Success! The stress test ran for the full five minutes without crashing. I then installed a second module, which caused a failure during the stress test. I put this module in the “BAD” pile and installed a third module in the second slot. This module worked normally, causing no problems on the stress test. Installation of the fourth module also caused problems. It looked like my memory had a 50% failure rate.
To verify that the fault was caused by defective memory and not a bad memory slot on the MB, I moved the good memory to different slots. The two previously tested “BAD” modules were bad, no matter which slot they were used in.
Still, I was stuck with a 64 bit machine and only 8 GB of memory, after paying for 16 GB. Due to the amount of time I spent testing, I had exceeded Newegg’s 30 day return policy. I thought my options were to either continue using the machine with only 4 GB of memory (perhaps selling the defective memory on Ebay as “slightly used”), RMA the memory to the manufacturer, or get more memory from Newegg.
Not wanting to inflict this intermittent memory on another poor user, I ordered another 16 GB of memory from Newegg. Why order more memory than I needed? G.Skill recommends replacing the entire memory module kit when problems are found, as they are a matching set.

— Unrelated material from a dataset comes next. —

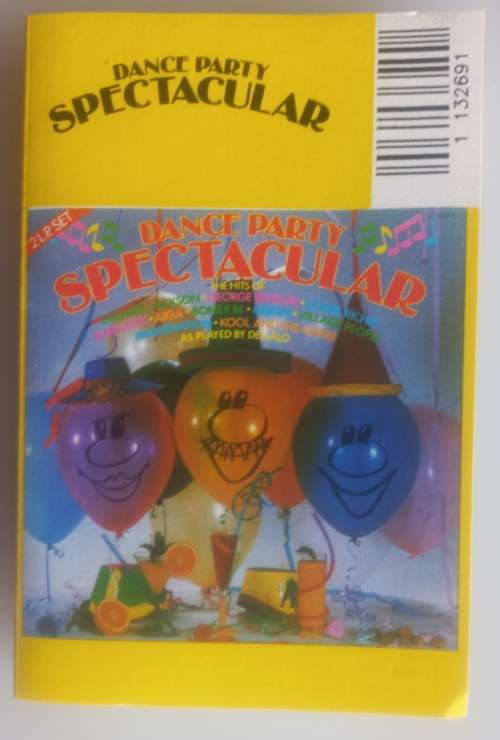Dance party spectacular tape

Upon arrival, I installed the new memory modules, testing them one at a time. They all worked correctly. In accordance with the manufacturer’s suggestion, I replaced the entire set. My computer has been working for several weeks now without issue.
I was able to RMA the old memory to Newegg. I notified Newegg that the memory was defective. They can argue with the manufacturer. After paying the extra shipping and the “restocking fee” I ended up getting about 3/4ths of my money back. Of course, that doesn’t count the endless hours of frustration caused by the bad memory.
With the clarity of hindsight, I revisited Newegg’s “feedback” pages for the G.Skill memory. About 30% of the reviewers of this memory had problems, either one or more sticks DOA, or setup problems due to overclock settings. Although G. Skill offers a “lifetime warranty”, the time and effort needed to send back a full set of memory modules exceeds the savings achieved by buying “cheap” memory.
To their credit, Newegg stands behind their warranty and gave me no trouble with the return. The only problem was the delay inherent in shipping components. I have never had a problem with Newegg’s service. That is why they are my first choice when ordering electronics.